A.I. Agent Audio Processor built with user experience in mind - free to use non-API. This will serve as the Audio Backbone of Somi A.I. Agent framework
A Python-based voice assistant that uses wake word detection, real-time speech transcription, and text-to-speech synthesis. Powered by OpenAI Whisper, Coqui TTS, and Ollama, it listens for wake words (e.g., "hey assistant"), transcribes speech, processes queries via a local Ollama model, and responds with synthesized speech. Features include customizable chime sounds, audio file cleanup, and robust error handling.
Hardware requirements: Flexible and depends on the models used Low-end Hardware - recommend switching model from gemma3:4b to gemma3:1b in settings High-end Hardware - recommend larger models for better processing IF nvidia gpu please install cuda driver and cuda for python
We urge you to take a look at config/settings.py to adjust any parameters necessary including wake words
Currently this is an English Based Audio Processing Unit for now
Features: Wake Word Detection: Activates on phrases like "hey assistant" or "hi" with a pleasant chime sound.
Real-Time Transcription: Uses OpenAI Whisper to transcribe spoken input.
Natural Language Processing: Queries are processed by a local Ollama model (e.g., gemma3:4b).
Text-to-Speech: Generates responses using Coqui TTS with a natural-sounding voice.
Audio File Management: Saves output files in audio_outputs/ and cleans up files older than 1 hour every 5 minutes.
Configurable Settings: Customize wake words, chime sounds, and cleanup intervals in settings.py.
Debugging Support: Logs interactions and errors to speech_pipeline.log.
Please download and install the following
Python: Version 3.8–3.11 (3.10 recommended).
FFmpeg: Required for Whisper audio processing.
Ollama: Local server for NLP (model: gemma3:4b).
Microphone and Speakers: For audio input/output.
Optional: NVIDIA GPU for faster TTS with CUDA. Please install CUDA drivers from the Nvidia website for your gpu
Installation using command prompt
- git clone https://github.com/Somi-Project/Alex-Ai
- cd Alex-Ai
- pip install -r requirements.txt
In a separate command prompt
- ollama pull gemma3:4b
- ollama run gemma3:4b
Return to Alex-Ai root folder via Command Prompt IF you have an Nvidia GPU we recommend the following: pip install torch==2.4.1+cu121 -f https://download.pytorch.org/whl/torch_stable.html
Return to Alex-Ai root folder
- python speech.py
The assistant starts with a greeting: "Hi!

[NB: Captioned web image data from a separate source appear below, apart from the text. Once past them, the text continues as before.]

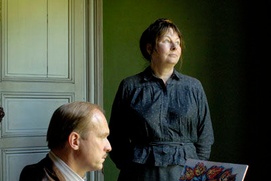 Scène du film Séraphine Scène du film Séraphine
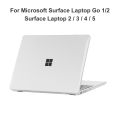Laptop Case for Microsoft Surface Laptop Go 2 Case 12.4 inch Funda for Surface Laptop 7 2 3 4 5 13.5 13.8 15 inch PC Cover. 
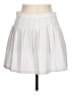 iets frans Solid White Casual Skirt Size L - photo 1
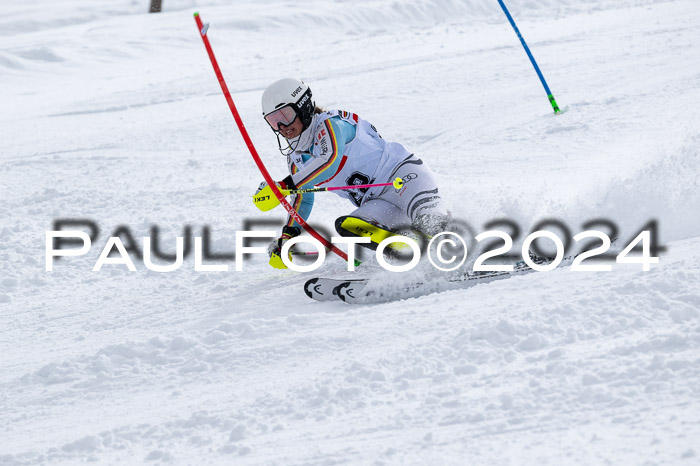DSV ELK Schülercup Alpin U16 SL, 09.03.2024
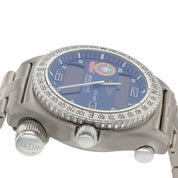 Breitling Emergency Titanium Blue Dial 43mm Quartz Movement Mens Watch E56321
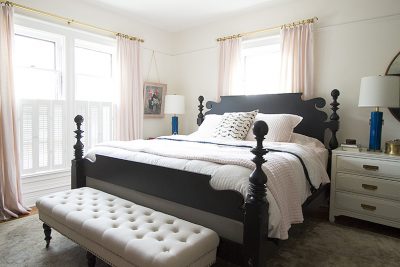 Making it Lovely's Master Bedroom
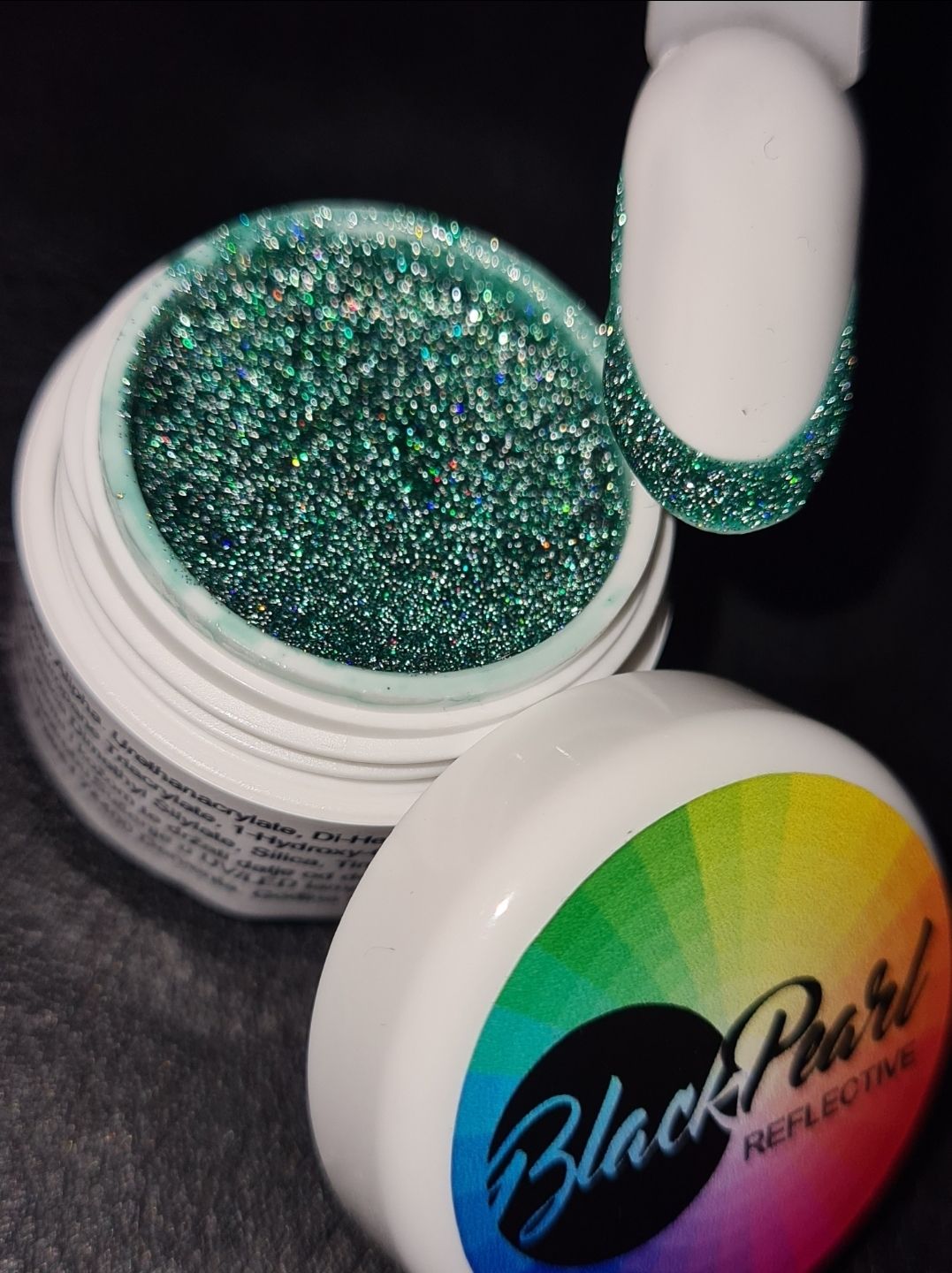 Reflektivni gel - ZELENI  5ml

My name is Somi and I'm here to help you - please say a trigger word to start chatting."
Say a wake word (e.g., "hey assistant") followed by a query.

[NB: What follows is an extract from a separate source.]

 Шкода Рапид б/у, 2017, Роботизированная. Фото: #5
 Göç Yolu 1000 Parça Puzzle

Hear a "Ding...ding...ding!" chime when activated and a "Dong...dong" when the session ends (after 5 minutes of inactivity).
Troubleshooting Microphone Errors: Ensure a microphone is connected and set as the default input device.

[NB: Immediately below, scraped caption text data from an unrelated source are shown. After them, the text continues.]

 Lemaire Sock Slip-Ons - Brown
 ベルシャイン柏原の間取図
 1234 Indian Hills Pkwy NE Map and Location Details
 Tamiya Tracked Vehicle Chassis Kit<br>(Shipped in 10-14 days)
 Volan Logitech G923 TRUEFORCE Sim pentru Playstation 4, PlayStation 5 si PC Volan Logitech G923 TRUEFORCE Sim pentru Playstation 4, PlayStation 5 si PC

Check sounddevice logs in speech_pipeline.log.
Ollama Connection Issues: Verify Ollama is running (ollama serve) and the gemma3:4b model is installed.
Check OLLAMA_ENDPOINT in settings.py.
TTS Model Download: On first run, Coqui TTS downloads tts_models/en/ljspeech/vits. Ensure internet access.
Low Audio Quality: Adjust AUDIO_GAIN or SILENCE_THRESHOLD in settings.py.
File Clutter: The cleanup thread deletes files in audio_outputs/ older than FILE_RETENTION_SECONDS every CLEANUP_INTERVAL seconds. Check logs for confirmation.